___ Listed entries ___
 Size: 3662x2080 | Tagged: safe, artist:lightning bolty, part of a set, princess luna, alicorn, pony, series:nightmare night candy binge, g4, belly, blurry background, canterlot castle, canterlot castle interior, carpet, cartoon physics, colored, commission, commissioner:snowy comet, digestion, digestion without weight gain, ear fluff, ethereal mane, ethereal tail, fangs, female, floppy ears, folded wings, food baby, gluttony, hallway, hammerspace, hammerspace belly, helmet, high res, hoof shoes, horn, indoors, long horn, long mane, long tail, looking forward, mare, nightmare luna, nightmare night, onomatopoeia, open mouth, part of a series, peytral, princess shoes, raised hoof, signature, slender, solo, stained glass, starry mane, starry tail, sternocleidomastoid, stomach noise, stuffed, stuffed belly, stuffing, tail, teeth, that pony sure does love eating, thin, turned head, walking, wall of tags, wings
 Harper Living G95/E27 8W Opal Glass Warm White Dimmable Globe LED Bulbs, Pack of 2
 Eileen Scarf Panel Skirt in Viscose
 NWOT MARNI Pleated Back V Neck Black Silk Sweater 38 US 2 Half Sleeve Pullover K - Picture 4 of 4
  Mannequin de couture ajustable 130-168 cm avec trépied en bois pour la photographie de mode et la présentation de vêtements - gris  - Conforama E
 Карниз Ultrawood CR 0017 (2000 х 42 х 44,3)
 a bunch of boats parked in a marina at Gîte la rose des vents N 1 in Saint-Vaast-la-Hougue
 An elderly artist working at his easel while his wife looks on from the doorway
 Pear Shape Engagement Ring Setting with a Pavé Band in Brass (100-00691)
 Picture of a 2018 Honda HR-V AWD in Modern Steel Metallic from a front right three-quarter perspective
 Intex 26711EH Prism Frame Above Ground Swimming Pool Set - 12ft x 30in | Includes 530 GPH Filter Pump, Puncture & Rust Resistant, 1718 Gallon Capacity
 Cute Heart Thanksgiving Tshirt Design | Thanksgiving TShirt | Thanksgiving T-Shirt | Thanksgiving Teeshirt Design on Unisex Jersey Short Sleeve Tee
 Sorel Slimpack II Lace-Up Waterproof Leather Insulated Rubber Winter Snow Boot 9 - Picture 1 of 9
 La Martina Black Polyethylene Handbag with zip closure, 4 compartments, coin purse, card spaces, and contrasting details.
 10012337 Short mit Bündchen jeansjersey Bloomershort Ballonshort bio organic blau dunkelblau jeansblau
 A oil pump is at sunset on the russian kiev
___
▶ [Exercise requirements]: The stretch of entries above that starts with the line containing "Pear Shape Engagement" and goes on through the line containing "10012337 Short mit" is to be transcribed exactly, and no other line is to be transcribed.

▶ [Output for this task]:
 Pear Shape Engagement Ring Setting with a Pavé Band in Brass (100-00691)
 Picture of a 2018 Honda HR-V AWD in Modern Steel Metallic from a front right three-quarter perspective
 Intex 26711EH Prism Frame Above Ground Swimming Pool Set - 12ft x 30in | Includes 530 GPH Filter Pump, Puncture & Rust Resistant, 1718 Gallon Capacity
 Cute Heart Thanksgiving Tshirt Design | Thanksgiving TShirt | Thanksgiving T-Shirt | Thanksgiving Teeshirt Design on Unisex Jersey Short Sleeve Tee
 Sorel Slimpack II Lace-Up Waterproof Leather Insulated Rubber Winter Snow Boot 9 - Picture 1 of 9
 La Martina Black Polyethylene Handbag with zip closure, 4 compartments, coin purse, card spaces, and contrasting details.
 10012337 Short mit Bündchen jeansjersey Bloomershort Ballonshort bio organic blau dunkelblau jeansblau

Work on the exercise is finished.